I’m like a lot of older people, I still love to hold a hardbound book in my hands and read about interesting people and places. I also adore gardening books. I was hooked the first time I saw an edition of Tasha Tudor’s gardens. Looking at her gorgeous garden made me almost drool. The photos are spread across two pages and they are breathtaking. I also love looking through Martha Stewart’s first garden book. What she did with her homestead is truly amazing. Of course, I’m sure she had lots of help. Unlike Tasha, who was still milking her own goats and making her own bread and manure tea when her book was published.

Pioneer Women

True pioneer women books are one of my passions. I can read about all that those rugged women went through and not have to run to the outhouse when I need a bathroom break. My favorite is called Pioneer Women by Joanna L Stratton. After Ms. Stratton’s great-grandmother passed away she went through her attic and found hundreds of letters written by pioneer women across the Midwest.
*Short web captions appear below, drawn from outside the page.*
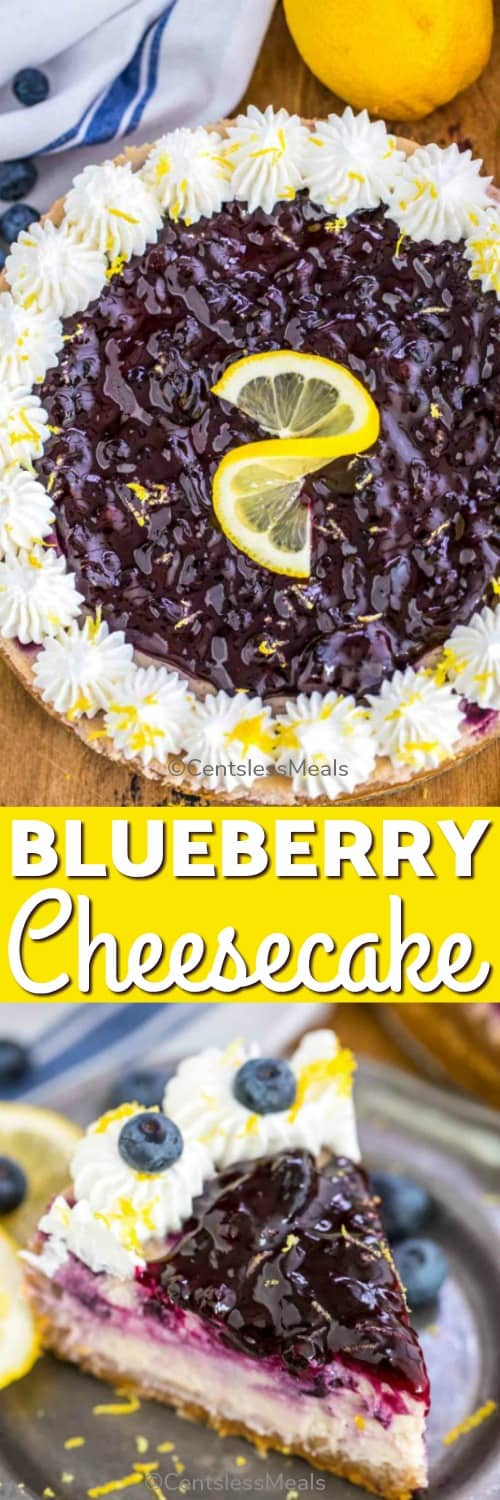 Blueberry cheesecake on a plate with a title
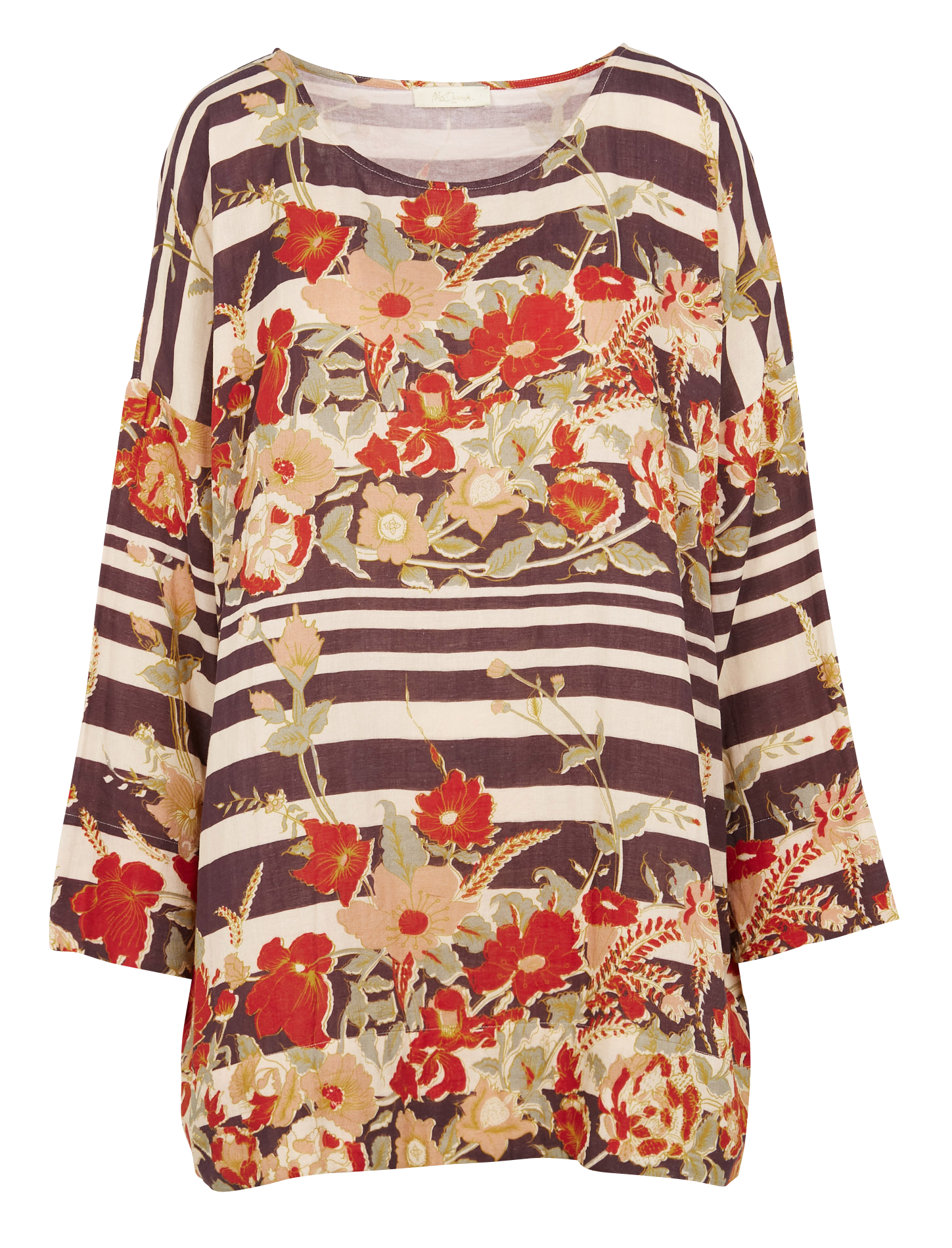 SEASON - Top col bateau oversize imprimé en coton | Bleu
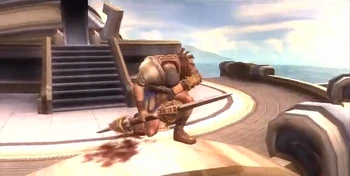 Teseo debilitado por los ataques.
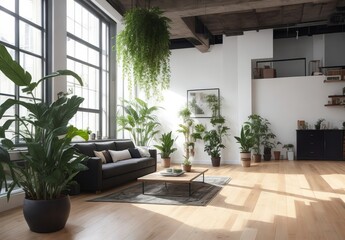 Fototapeta premium Empty room of modern contemporary loft with plan
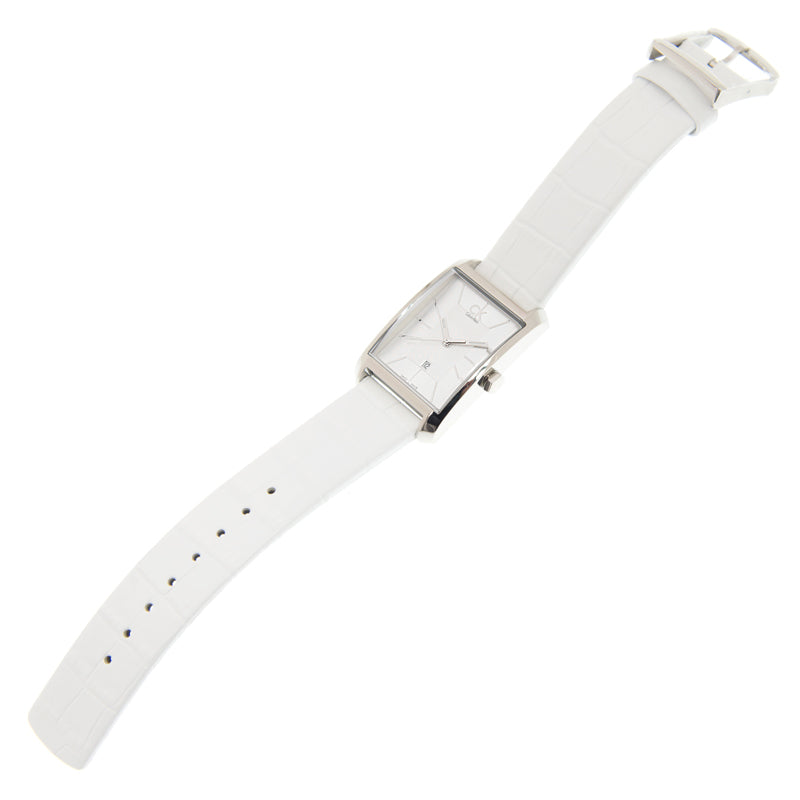 Calvin Klein Window White Dial White Leather Strap Watch for Women - K2M23120 Buy Now By Calvin Klein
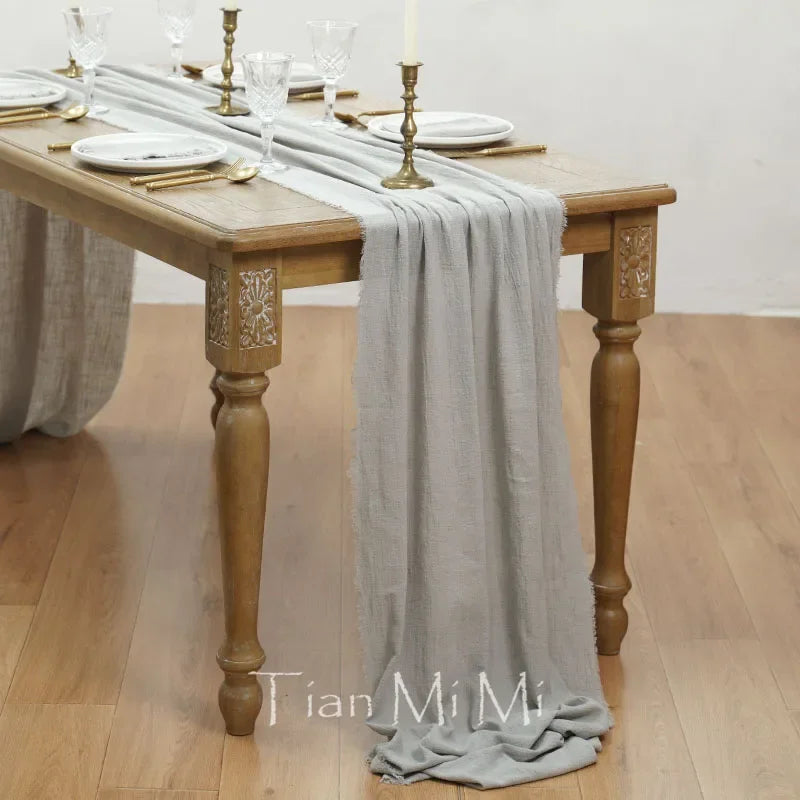 Chemin de table coton gaze style vintage mariage - vue 17 sur 29
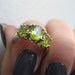 Vintage CHINA Sterling Silver 925 Olivine 3 Stone Ring size 6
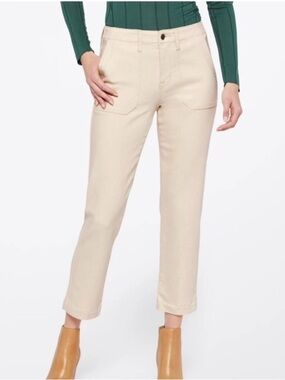 Studio Blue Sophia Relaxed Utility Pocket Pant Cream Straight-Leg Jeans. Size 26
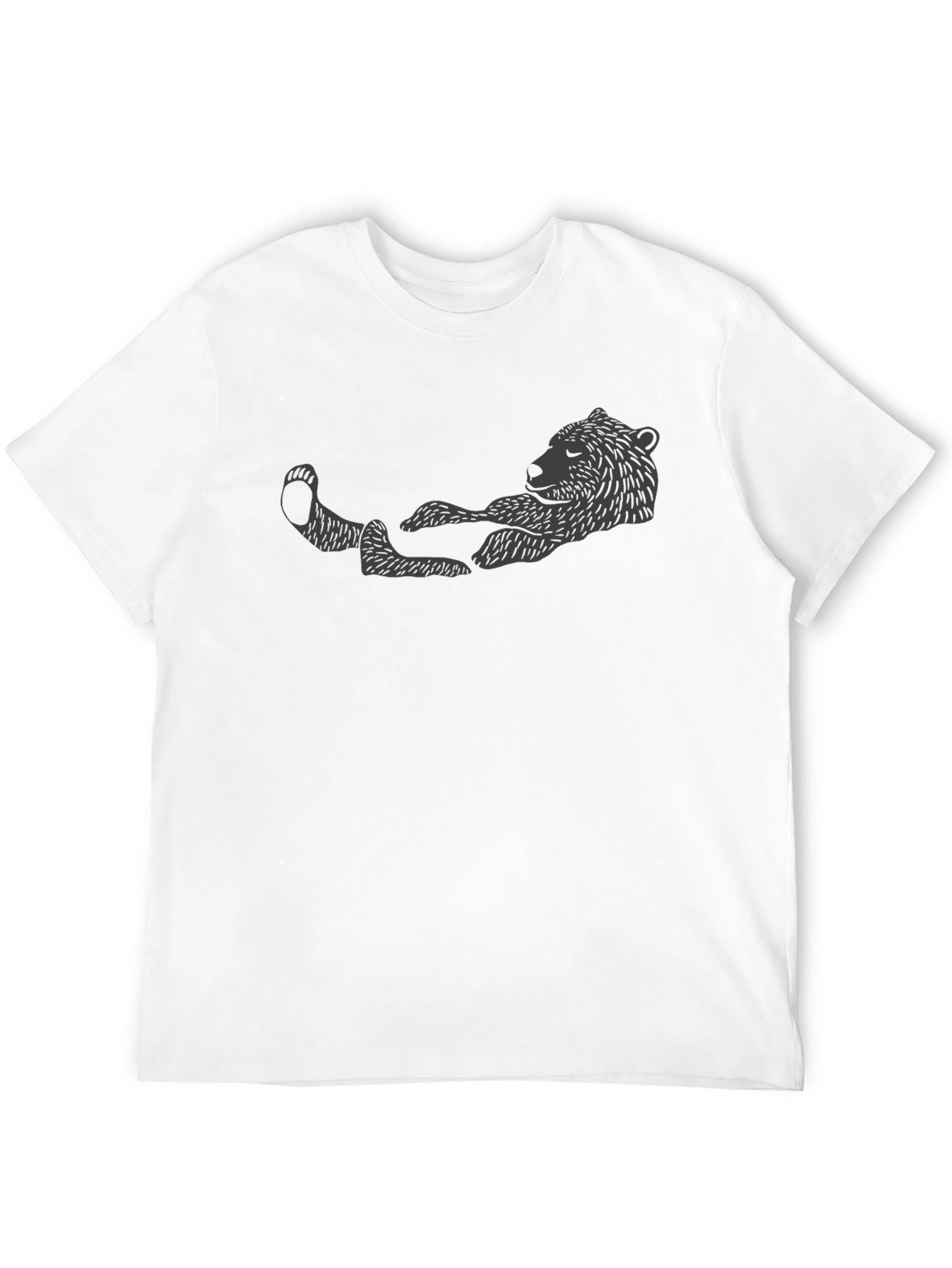 Relaxed Bear Graphic T-Shirt - Black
Lilla Day Monroe was a lawyer and a publisher who had planned to use the letters for a book. Instead it was her great-granddaughter who took up the work while attending Harvard College. This book can take you to the prairie and you will know what it’s like to live in a house made of sod. They had to hang a sheet on the ceiling above their tables so they could eat without a dusting of dirt. The only heat they had came from buffalo chips. That book makes me think about my own grannies who were also pioneers in Indian Territory. One can only imagine what their early lives were like.

Silent Friends

My granny was right. Books are silent friends and those friends can take you on adventures you could never imagine. I think summer is the perfect time, or winter or even fall to nestle down with a really good book and take a vacation you could never afford. What about spring? Oh, I still live in the country and spring is way too busy for a book!

I have book shelves in nearly every room in my house. The one in the kitchen is for my cookbooks, like Pioneer Woman Cooks and Betty Crocker. I have two in the den, two in my office and two floor to ceiling bookcases my daddy built me in my bedroom. I also have one in the living room with books that appeal to my grandkids. There are books on garden birds, one on how to draw, another on dinosaurs — well you get the picture. I’d much rather have them read or at least look at the pictures in books than watch television or play on a gadget.

You’d be surprised how your older love one will enjoy a big coffee table book with gorgeous pictures. Everyone loves to see pretty photos of faraway and not-so-faraway places. Books can connect people in a unique way. The love of books knits us together forever. I’m so glad my mama spent hours reading to me when I was little and my granny encouraged me to read. It’s brought me so much pleasure. Now where did I put my copy of A Walk in the Woods? I love that book!